**Problem**. Nothing but the text belongs in the answer: the listing below, copied exactly, without pictures.

**Data excerpt**.
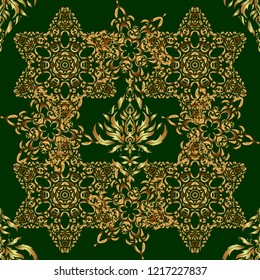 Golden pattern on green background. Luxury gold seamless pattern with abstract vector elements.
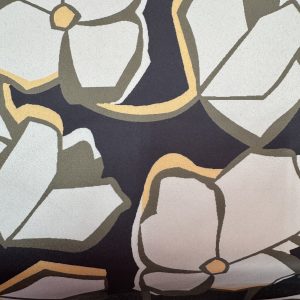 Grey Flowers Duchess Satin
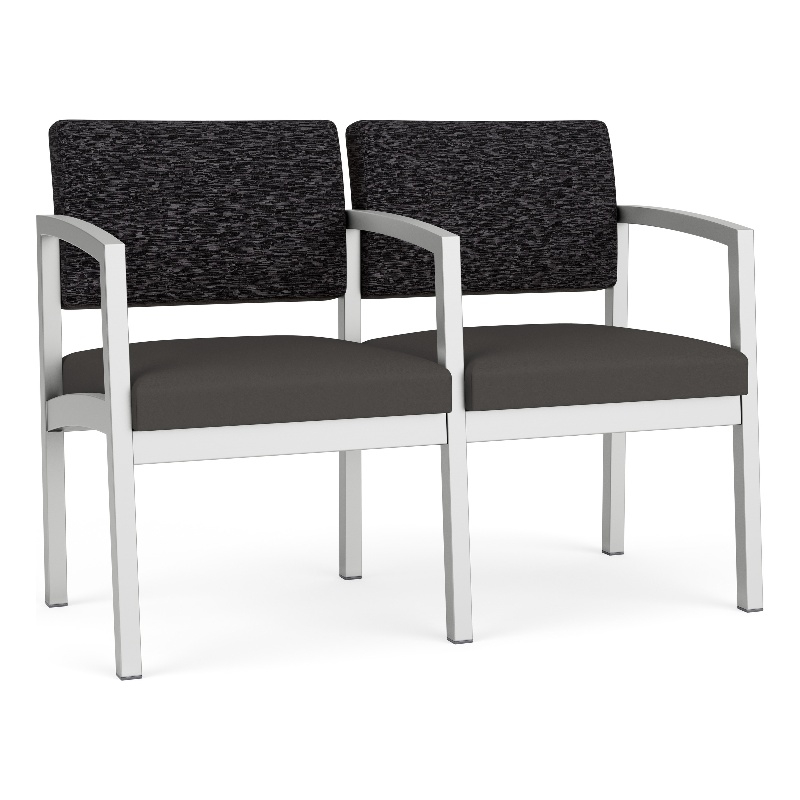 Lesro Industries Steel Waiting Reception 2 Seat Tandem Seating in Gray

**Solution to this exercise**.
 Golden pattern on green background. Luxury gold seamless pattern with abstract vector elements.
 Grey Flowers Duchess Satin
 Lesro Industries Steel Waiting Reception 2 Seat Tandem Seating in Gray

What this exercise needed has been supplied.